Thursday, August 25, 2016

A Travelling Scientist

I just returned from a week of traveling in Nevada and California. We visited with my wife's grandmother for a few days, then headed out on the road. We stopped by the Luther Burbank house and hiked through several botanical gardens. The inevitable consequence of this trip is that I took many photos (of plants, animals, and geology) that will be appearing in posts over the coming months.

For a first sample, the photo at left is a specimen of Oxalis gigantea in the desert house at the San Francisco Botanical Gardens. The species is interesting to me because it is another example of how readily trees can evolve from within groups of plants otherwise composed of herbaceous forms. I also like it because it is one of the many cool looking succulents around.

Next week I'll get back to my regular schedule of more lengthy postings.

Monday, August 15, 2016

Mathematical Recreations : Ramanujan's Nested Radical 3

I've previously discussed an interesting math problem posed by Srinivasa Ramanujan way back in 1911.

In this third posting on this topic, I'll present a proof that there are an infinite number of valid solutions to his puzzle.

\( x = \sqrt{1+2\sqrt{1+3\sqrt{1+4\sqrt{\cdots}}}} \)



Ramanujan said the solution was \( \{x=3\} \). I'm claiming the proper solution is \( \{x=3+n : n \ge 0\} \). Lets see how that works out.

\( 3+n = \sqrt{1+2\sqrt{1+3\sqrt{1+4\sqrt{\cdots}}}} \)

We start by unwrapping the first few radicals and simplifying a bit.

\( \sqrt{1+3\sqrt{1+4\sqrt{\cdots}}} = \frac{(3+n)^2 -1}{2} = \frac{9+6n+n^2-1}{2} = 4+3n+\frac{1}{2}n^2 \)
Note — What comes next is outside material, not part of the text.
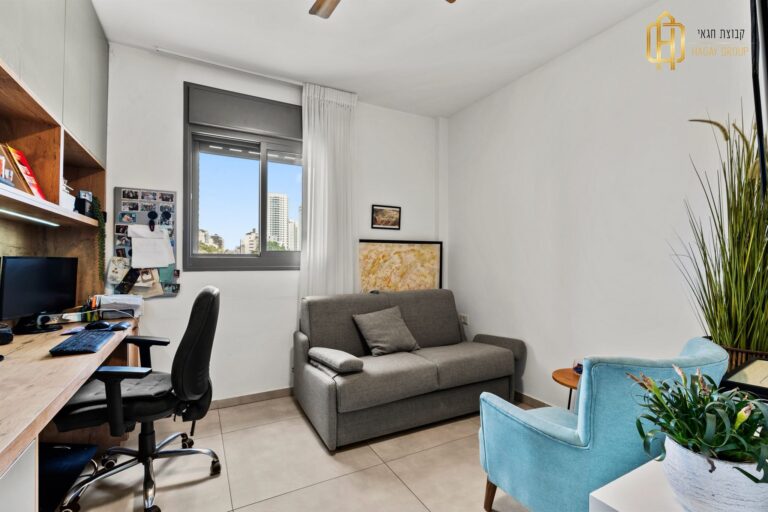 a171836b-73fa-4596-9852-cf217e0e3a15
\( \sqrt{1+4\sqrt{1+5\sqrt{\cdots}}} = \frac{(4+3n+\frac{1}{2}n^2)^2 -1}{3} = \frac{16+24n+13n^2+3n^3+\frac{1}{4}n^4-1}{3} = 5+8n+\frac{13}{3}n^2+n^3+\frac{1}{12}n^4 \)
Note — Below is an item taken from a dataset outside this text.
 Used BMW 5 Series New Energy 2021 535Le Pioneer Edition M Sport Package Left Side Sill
If we work out the full radical at each step, we rapidly end up with very high-order polynomials on the right side of the equation. However, the 0th and 1st order terms will always only depend on the 0th and 1st order term of the polynomial for the previous radical. Since we're only working with values of n greater than zero, all of the higher-order terms [in red] will have positive values.

\( \sqrt{1+3\sqrt{1+4\sqrt{\cdots}}} = 4+3n \color{red}{+ \frac{1}{2}n^2} \)
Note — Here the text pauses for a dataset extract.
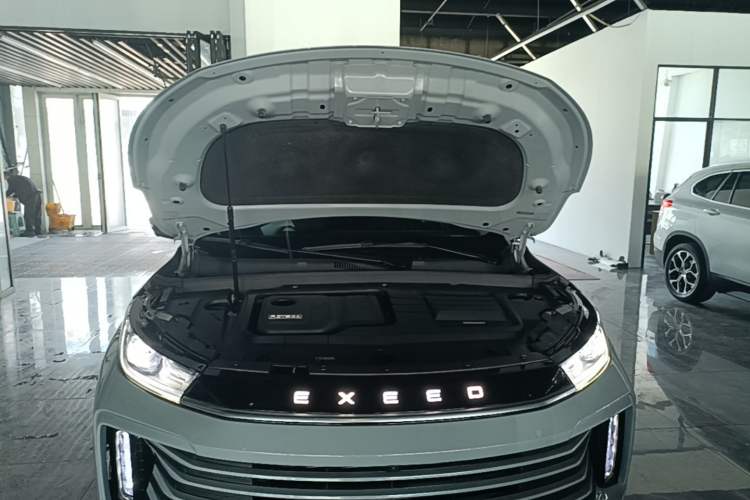 Used EXEED Lingyun 2023 400T Two-Wheel Drive StarRui Pro Edition Engine Bay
\( \sqrt{1+4\sqrt{1+5\sqrt{\cdots}}} = 5+8n \color{red}{+ \frac{13}{3}n^2+n^3+\frac{1}{12}n^4} \)

This allows us to simply discard them, converting the equations into inequalities. This cleans up our work a lot.

\( \sqrt{1+3\sqrt{1+4\sqrt{\cdots}}} \ge 4+3n \)

\( \sqrt{1+4\sqrt{1+5\sqrt{\cdots}}} \ge 5+8n \)

Unwrap another radical. I'm using a bit of an unusual notation in the right half of the inequality, where I'm using equalities inside of the large parentheses for keeping track of a few steps of simplification.

\( \sqrt{1+5\sqrt{1+6\sqrt{\cdots}}} \ge \left(\frac{(5+8n)^2 -1}{4} = \frac{25+80n+64n^2-1}{4} = 6+20n+16n^2\right) \)

\( \sqrt{1+5\sqrt{1+6\sqrt{\cdots}}} \ge 6+20n\color{red}{+16n^2} \)

Since we already have an inequality, we can go ahead and discard this higher-order term.

\( \sqrt{1+5\sqrt{1+6\sqrt{\cdots}}} \ge 6+20n \)

The first order terms of the polynomials increase with each unwrapping of a radical. These terms form a series that has very simple behavior.

\( \left[ k_0 = 1; k_m = 2k_{m-1}+2^{m-1} \right] \)

\( \lim\limits_{m \to \infty} k_m = \infty \)

Because the trimmed polynomials representing each successive radical are <= the true polynomials, and they increase towards infinity, the true polynomials also increase towards infinity.



Unwrapping successive radicals from Ramanujan's solution results in a simple series that races upwards to infinity.

\( [3, 4, 5, 6, 7, \cdots, \infty ] \)

Unwrapping successive radicals from my solution results in a more complicated series that also races upwards to infinity.

\( [3+1n, 4+3n\color{red}{[+\cdots]}, 5+8n\color{red}{[+\cdots]}, 6+20n\color{red}{[+\cdots]}, 7+48n\color{red}{[+\cdots]}, \cdots, \infty ] \)

As long as the value of 'n' is greater than zero, no contradictions (such as negative values for a radical) arise, thus Ramanujan's solution to his puzzle is incomplete.



Profiles from valid solutions (>= 3) are in green.
Profiles from invalid solutions (< 3) are in red.
Note the change in scale above and below zero.
A more complete solution is:

\( \sqrt{1+2\sqrt{1+3\sqrt{1+4\sqrt{\cdots}}}} \ge 3 \)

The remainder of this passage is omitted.